O Silêncio de Julie marca a estreia em longas-metragens do realizador belga Leonardo Van Dijl, com uma abordagem sensível e contida sobre um tema particularmente delicado: os abusos no mundo do desporto e o peso do silêncio que muitas vezes os rodeia. Com uma narrativa subtil, o filme levanta questões sérias sobre o impacto psicológico deste tipo de ambiente nas jovens atletas.
Este filme tem no seu elenco Tessa Van den Broeck (Julie), Grace Biot (Laure), Alyssa Lorette (Inès), Noah Lecloux (Noah), Luca de Maar (Luca), Qays Jahier (Qays), Tommy Buyl (Tommy), Claire Bodson (Sofie), Pierre Gervais (Backie), Laurent Caron (Jeremy), Tamara Tricot (Aline), Ruth Becquart (Liesbeth), Koen De Bouw (Tom).
A protagonista Julie, interpretada com grande nuance por Tessa Van den Broeck, é uma jovem promissora no ténis, que vive mergulhada entre os treinos intensivos e a pressão constante do seu clube. Ao longo do filme, acompanhamos o seu quotidiano — entre a escola, os treinos e os momentos com a família e amigos — e é nesse ritmo quase banal que o filme constrói a tensão emocional. Julie é tímida, introspetiva, mas dedicada, e a câmara acompanha-a com respeito e distância, quase como se hesitasse em invadir o seu espaço interior.
Tudo se altera quando o treinador do clube, Jeremy, é implicado num escândalo grave envolvendo outra rapariga. Ainda que Julie não esteja diretamente envolvida, o ambiente à sua volta transforma-se. As raparigas do clube são encorajadas a falar caso tenham passado por algo semelhante — mas Julie escolhe o silêncio. Esse silêncio, mais do que ausência de palavras, torna-se um grito mudo que pesa sobre cada cena, cada expressão contida, cada gesto retraído.
O filme nunca nos dá respostas diretas — e talvez nem precise. Ao optar por uma narrativa mais implícita, O Silêncio de Julie obriga o espectador a observar com atenção os silêncios, as hesitações, os olhares perdidos. Isso pode frustrar quem espera uma história com um clímax explícito, mas ao mesmo tempo sublinha o desconforto real de tantas vítimas que não conseguem — ou não querem — verbalizar o que viveram.
Há que destacar o envolvimento da antiga estrela do ténis Naomi Osaka como produtora, cuja experiência com ansiedade em contextos competitivos ecoa na personagem de Julie. A identificação com esse tipo de vivência dá ao filme uma camada adicional de autenticidade.

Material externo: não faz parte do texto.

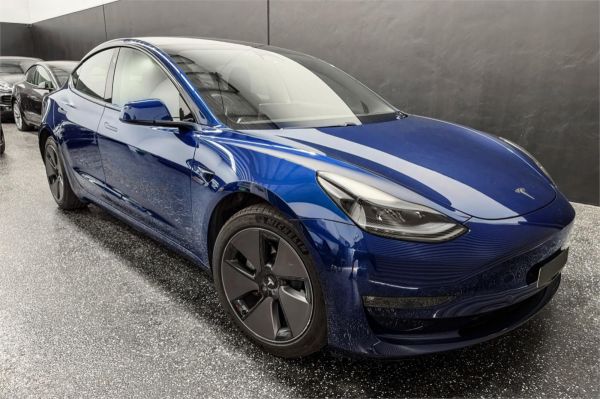 2023 Tesla Model 3 MY23 Long Range image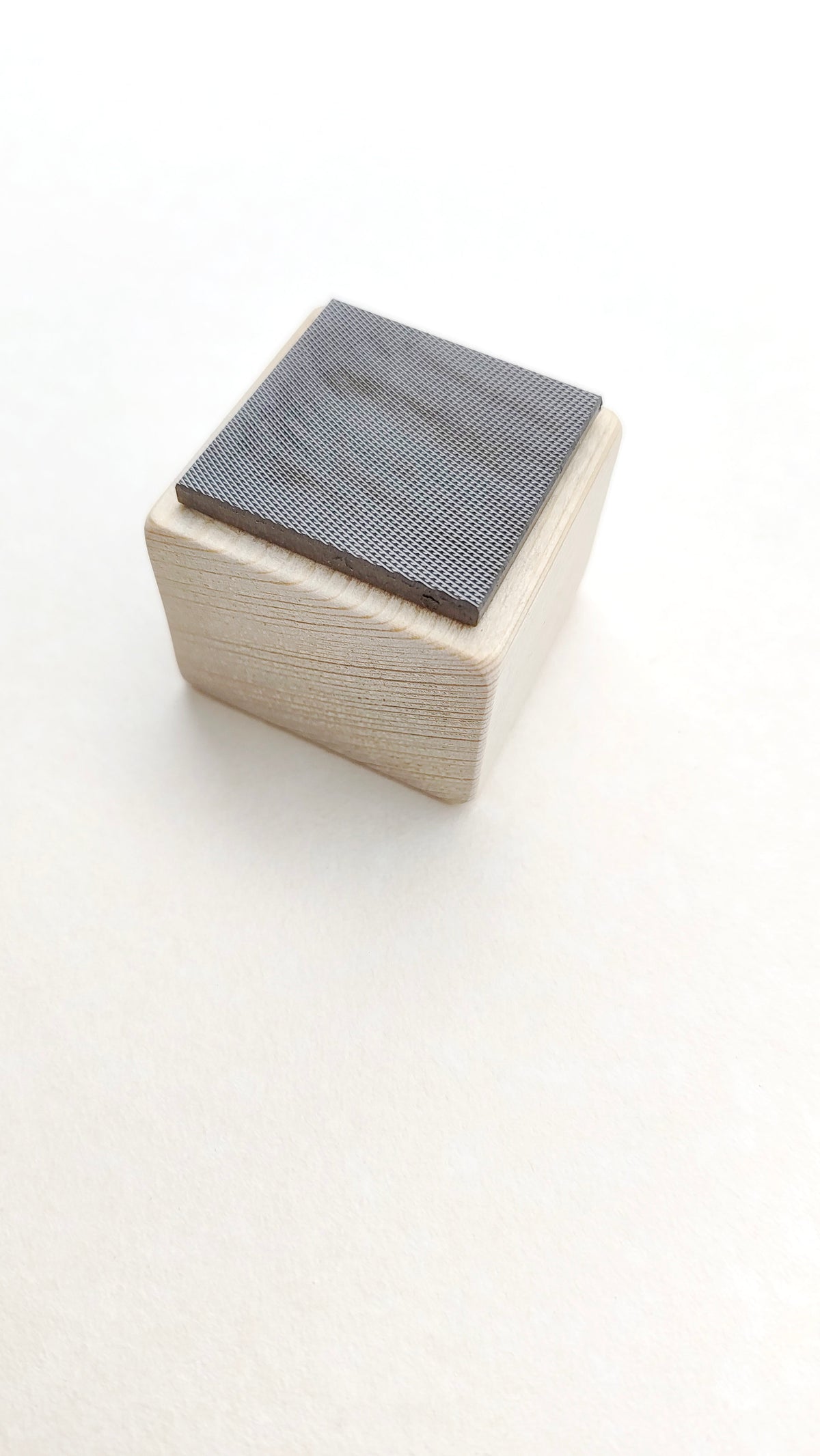 Petite lime Japonaise "Multiway" 34 X 34mm "Iwasaki"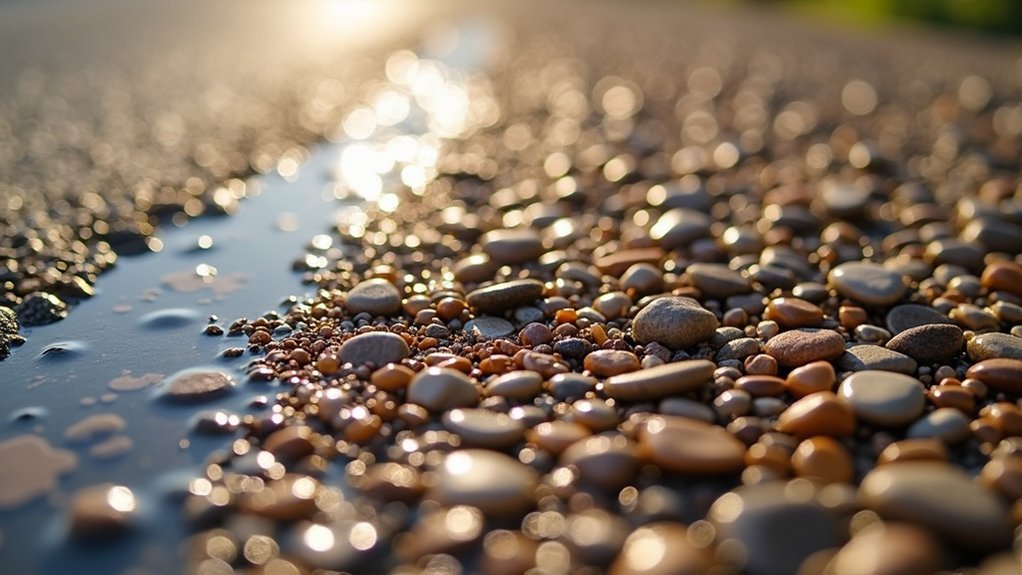 slippery resin bound gravel solutions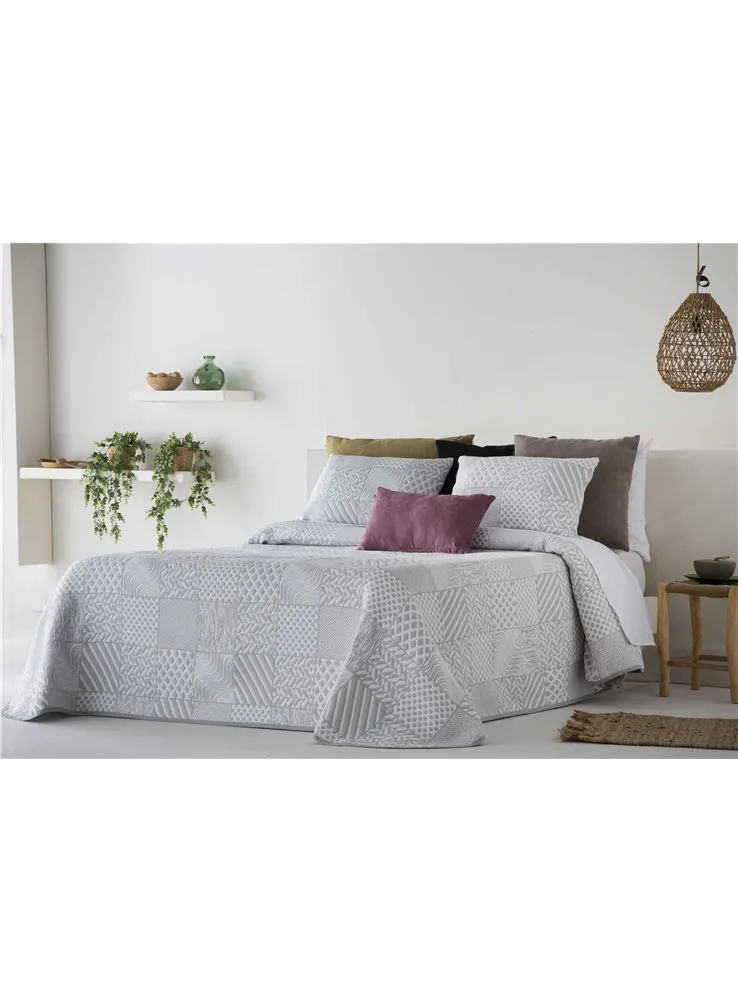 FERROL COLCHA JACQUARD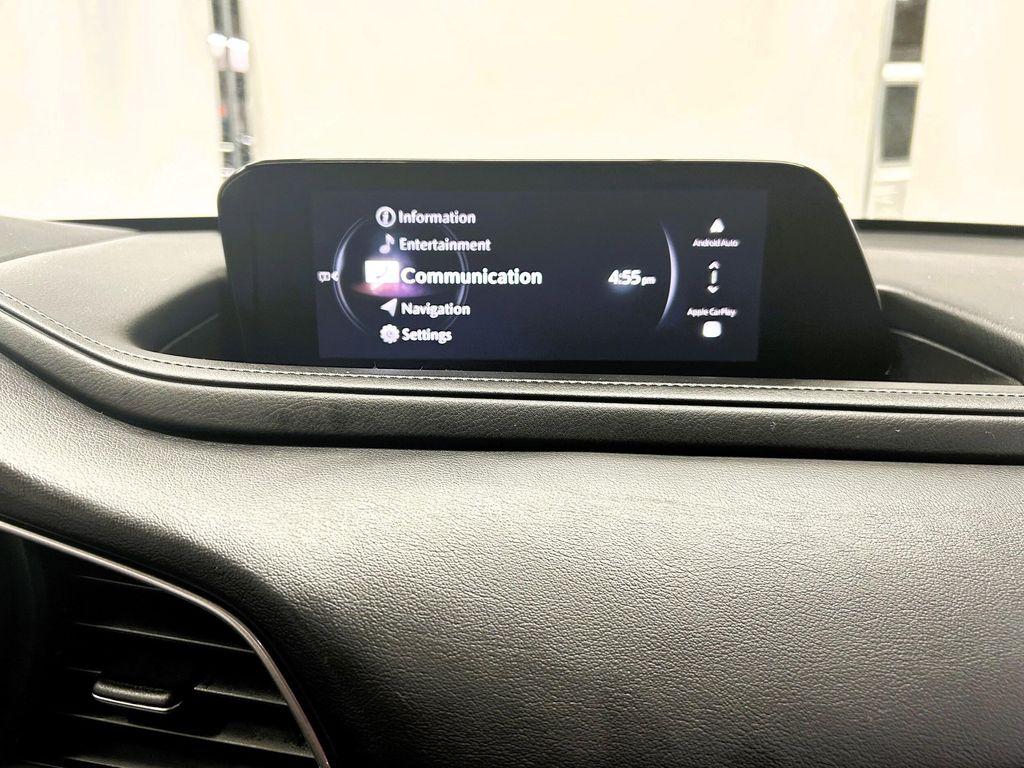 used 2025 Mazda CX-30 car, priced at $22,982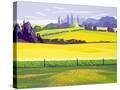 Stretched Canvas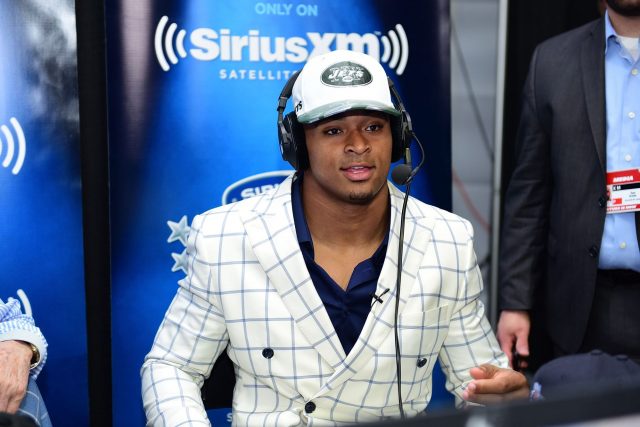 New York Jets Rookie Jamal Adams Admits He Was a New York Giants Fan Growing Up
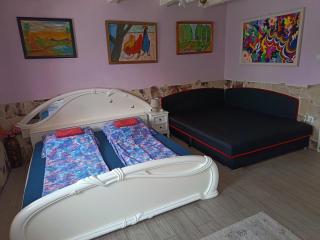 Liána Vendégház - 5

Do ponto de vista técnico, o filme acerta em alguns aspetos e falha noutros. As cenas de treino são bem filmadas e transmitem o amor de Julie pelo desporto, reforçando o contraste com o peso emocional que carrega. No entanto, a banda sonora é quase inexistente e, nos momentos certos, poderia ter amplificado a tensão emocional. Além disso, algumas escolhas de enquadramento e ângulos de câmara são estranhas e pouco eficazes, desviando a atenção da narrativa. O diálogo, embora coerente com o tom minimalista do filme, por vezes soa demasiado cru ou mal lapidado, dificultando a compreensão emocional de algumas cenas-chave.
O Silêncio de Julie não é um filme fácil nem será, provavelmente, um sucesso de massas. Trata-se de uma obra introspectiva e pesada, que exige atenção e sensibilidade por parte do público. O tema que aborda é urgente e relevante, mas a forma como o faz — através de uma narrativa lenta, com muito subentendido — pode afastar espectadores mais habituados a tramas explícitas e ritmos acelerados.
Ainda assim, para quem aprecia cinema com temas sociais fortes e representação honesta das realidades psicológicas por trás da alta competição, O Silêncio de Julie é uma obra importante. É uma estreia promissora para Van Dijl e uma reflexão corajosa sobre o que permanece por dizer, mesmo quando o silêncio fala mais alto que qualquer palavra.